*** Given entries

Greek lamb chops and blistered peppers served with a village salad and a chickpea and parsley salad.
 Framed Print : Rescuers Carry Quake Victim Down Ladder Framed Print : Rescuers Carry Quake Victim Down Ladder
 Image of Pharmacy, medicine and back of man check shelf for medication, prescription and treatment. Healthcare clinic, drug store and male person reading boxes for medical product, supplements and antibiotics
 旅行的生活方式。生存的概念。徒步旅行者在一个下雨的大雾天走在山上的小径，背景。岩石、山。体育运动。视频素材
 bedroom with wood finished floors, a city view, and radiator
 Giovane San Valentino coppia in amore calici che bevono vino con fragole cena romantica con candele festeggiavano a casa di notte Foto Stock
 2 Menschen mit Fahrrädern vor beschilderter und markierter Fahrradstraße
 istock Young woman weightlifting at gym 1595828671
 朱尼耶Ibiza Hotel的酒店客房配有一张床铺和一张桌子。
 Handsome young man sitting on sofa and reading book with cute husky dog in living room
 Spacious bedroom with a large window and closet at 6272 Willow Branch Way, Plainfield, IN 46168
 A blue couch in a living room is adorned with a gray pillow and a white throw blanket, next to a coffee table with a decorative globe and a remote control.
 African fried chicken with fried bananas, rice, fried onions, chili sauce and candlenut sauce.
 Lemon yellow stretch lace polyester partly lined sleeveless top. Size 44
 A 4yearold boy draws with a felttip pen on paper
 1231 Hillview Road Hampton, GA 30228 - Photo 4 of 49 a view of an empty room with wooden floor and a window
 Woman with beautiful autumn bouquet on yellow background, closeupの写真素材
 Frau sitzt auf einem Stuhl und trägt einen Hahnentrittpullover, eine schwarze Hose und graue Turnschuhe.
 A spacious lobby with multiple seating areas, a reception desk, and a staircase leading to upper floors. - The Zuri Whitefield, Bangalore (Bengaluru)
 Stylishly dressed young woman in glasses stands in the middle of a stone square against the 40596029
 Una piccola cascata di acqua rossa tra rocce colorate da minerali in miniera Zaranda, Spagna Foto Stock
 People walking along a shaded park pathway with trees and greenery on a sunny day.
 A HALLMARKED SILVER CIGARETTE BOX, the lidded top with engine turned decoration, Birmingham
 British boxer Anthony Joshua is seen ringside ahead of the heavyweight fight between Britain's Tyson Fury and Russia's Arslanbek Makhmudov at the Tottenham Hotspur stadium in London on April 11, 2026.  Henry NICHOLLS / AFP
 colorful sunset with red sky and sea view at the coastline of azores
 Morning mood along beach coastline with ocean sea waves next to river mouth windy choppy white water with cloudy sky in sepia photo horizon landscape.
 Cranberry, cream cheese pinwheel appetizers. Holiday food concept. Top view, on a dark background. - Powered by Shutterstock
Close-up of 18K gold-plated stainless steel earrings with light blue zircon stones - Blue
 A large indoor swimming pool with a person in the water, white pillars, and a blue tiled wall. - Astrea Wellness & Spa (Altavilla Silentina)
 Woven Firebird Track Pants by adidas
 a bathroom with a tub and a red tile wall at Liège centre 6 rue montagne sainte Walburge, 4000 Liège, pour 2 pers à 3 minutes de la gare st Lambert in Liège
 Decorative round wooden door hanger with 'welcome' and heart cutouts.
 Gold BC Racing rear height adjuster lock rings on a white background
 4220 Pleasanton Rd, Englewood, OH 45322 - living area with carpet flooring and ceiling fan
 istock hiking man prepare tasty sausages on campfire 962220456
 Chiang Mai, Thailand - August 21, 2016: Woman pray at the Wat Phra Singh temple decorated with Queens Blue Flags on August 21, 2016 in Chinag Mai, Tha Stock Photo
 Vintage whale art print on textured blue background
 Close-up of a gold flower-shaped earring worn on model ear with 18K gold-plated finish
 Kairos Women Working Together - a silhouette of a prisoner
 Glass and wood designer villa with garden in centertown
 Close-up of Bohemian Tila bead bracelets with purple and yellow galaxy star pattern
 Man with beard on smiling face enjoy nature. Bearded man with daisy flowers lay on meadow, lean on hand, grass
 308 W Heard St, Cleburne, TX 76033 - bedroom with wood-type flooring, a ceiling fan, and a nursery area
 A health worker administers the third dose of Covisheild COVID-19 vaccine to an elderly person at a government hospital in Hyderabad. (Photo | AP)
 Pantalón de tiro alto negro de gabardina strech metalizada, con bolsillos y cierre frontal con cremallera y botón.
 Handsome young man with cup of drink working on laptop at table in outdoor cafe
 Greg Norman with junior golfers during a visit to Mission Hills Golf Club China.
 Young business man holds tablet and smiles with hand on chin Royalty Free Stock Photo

******

Copy all lines from the data above that contain the word "Foto".

*Worked solution*.
 Giovane San Valentino coppia in amore calici che bevono vino con fragole cena romantica con candele festeggiavano a casa di notte Foto Stock
 Una piccola cascata di acqua rossa tra rocce colorate da minerali in miniera Zaranda, Spagna Foto Stock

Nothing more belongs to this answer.